Cenazeye katılan katılamayan, yollarda kalıp son anda yetişen, arayıp başsağlığı dileyen, mesaj çeken, mail atan, çelenk gönderen, acılı günümüzde bize destek olan... Bakanından başkanına, yazarından okuruna, şarkıcısından oyuncusuna, dostumdan meslektaşıma herkese binlerce teşekkürler...

Neler öğrendim

? Medya mahallesinde kanlı bıçaklı olunan insanların bile arayıp başsağlığı dilediğini... Hepimizin halis insanlığının bir tek ölümlerde ortaya çıktığını...

? Cenaze namazını Büyükçekmece gibi şehrin dışında değil, şehrin içinde bir camide kıldırmak gerektiğini...

? Aksi halde cenaze namazını kaçıranlara, koşturup gelemeyenler kadar onca yolu gelene de büyük zulüm olduğunu...

? 2,5 yıl uğraşıp böyle bir sonla karşılaşınca insanın yorgun bir mağlubiyet hissi yaşadığını...

? İnsanın çok yakın birini kaybettiğini, asıl mezarlıktan ayrılırken anladığını...

? Bundan sonra cenazesi olana daha bir ihtimam göstermek gerektiğini. Cenazeye gitmenin, ilgilenmenin, aramanın, mesaj çekmenin ne kadar önemli olduğunu...

? Aydın Bey´in "Baba kaybetmenin yaşı yoktur" sözünün ne kadar doğru olduğunu...

Halkın dili gibisi yok...

İnsan yaşadıkça, bu topraklarda geçmişte söylenmiş her sözün ne kadar doğru olduğunu tek tek anlıyor.

Atasözlerinde, temennilerde, dileklerde söylenen her şey bu kadar mı doğru olur.

İnsan başına geldikçe görüyor ki, ölüm üzerine söylenen her söz de doğru...

"Allah hayırlı ölüm versin" denir mesela.

Ne kadar doğru... Ya da "Allah sıralı ölüm versin" gibi güzel bir temenni olabilir mi?..

"Üç gün yatak dördüncü gün toprak" ilk bakışta ne kadar soğuk bir söz dursa da, düşününce ne kadar doğru olduğunu anlıyor insan.

Son iki gündür en çok duyduğum, ortak kültürümüzün ölümle ilgili ürettiği sözler oldu...

Halkın dili karşısında bir kez daha saygıyla eğildim.
Öyleyse "Allah başka keder vermesin" deyip bu bahsi noktalayalım...

Ambulansın içinde olmak

İlk kez bir ambulansın içinde bulundum...

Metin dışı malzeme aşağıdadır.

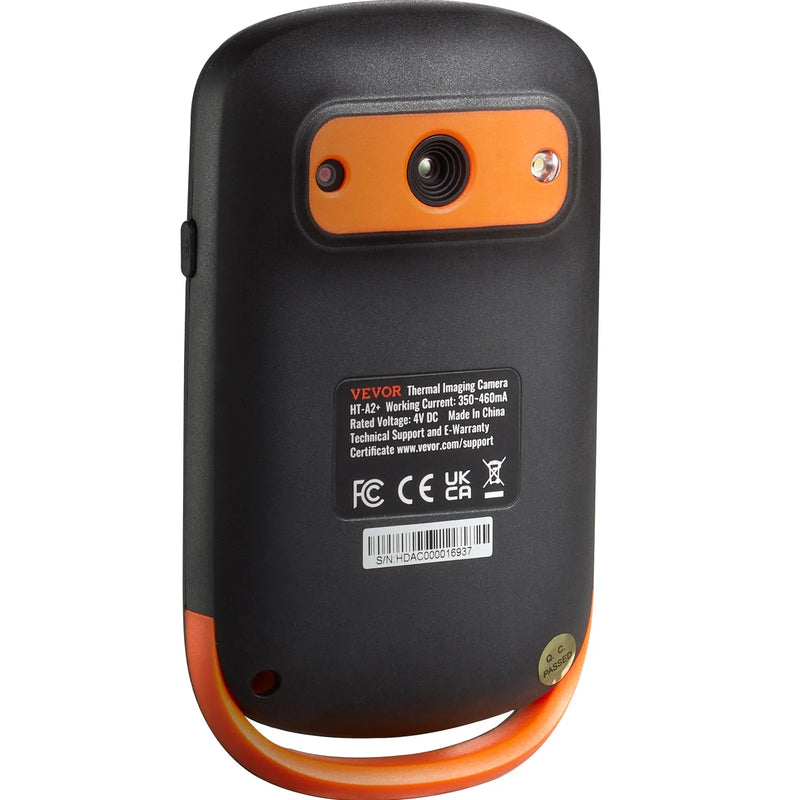 VEVOR termokamera, 256 × 192 IR izšķirtspēja, kabatas izmēra infrasarkanais attēlveidotājs ar WiFi, 25 Hz atsvaidzes intensitāte, 3,2" skārienekrāns, 0,3 MP vizuālā kamera, temperatūras diapazons –20 °C līdz 550 °C, IP54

Arkada babam yatıyor, ben önde şoförün yanında yoğun bakıma gidiyoruz...

Onlarca kez yazdığımız şey başıma geldi.

Ambulans gördüğünde ne yapacağını bilen sürücü sayısı o kadar az ki...

Yol vermeyenler, yol vermeye çalışıp da beceremeyenler...

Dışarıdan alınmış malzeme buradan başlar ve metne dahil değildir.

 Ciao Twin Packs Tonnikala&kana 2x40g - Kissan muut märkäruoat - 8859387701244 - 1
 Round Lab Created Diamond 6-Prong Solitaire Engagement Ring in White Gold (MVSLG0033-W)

Ambulansın önünde hızlı gitmeyi yol vermekle eşit sayanlar...
İnip bir-iki sürücüyü dövmemek için zor tuttum kendimi.
Sol şeritte giden bir ambulansa yapılacak en iyi şey, ambulansın önündeki orta ve sağ şeritteki araçların durmasıdır.

Onlar duracak ki, sol şeritte ambulansın önündeki araçlar orta ve sağ şeride kaçabilsin.

Bizim trafikte ambulansla aynı şeritte olmayan araçlar hep hareket halinde...

İçindeki psikolojiyi yaşayan biri olarak söylüyorum, lütfen ambulansı gördüğünüzde önünü hemen boşaltın, yan şeritteyseniz durun...

Gördük işte hepimiz bir gün ambulanslık oluyoruz.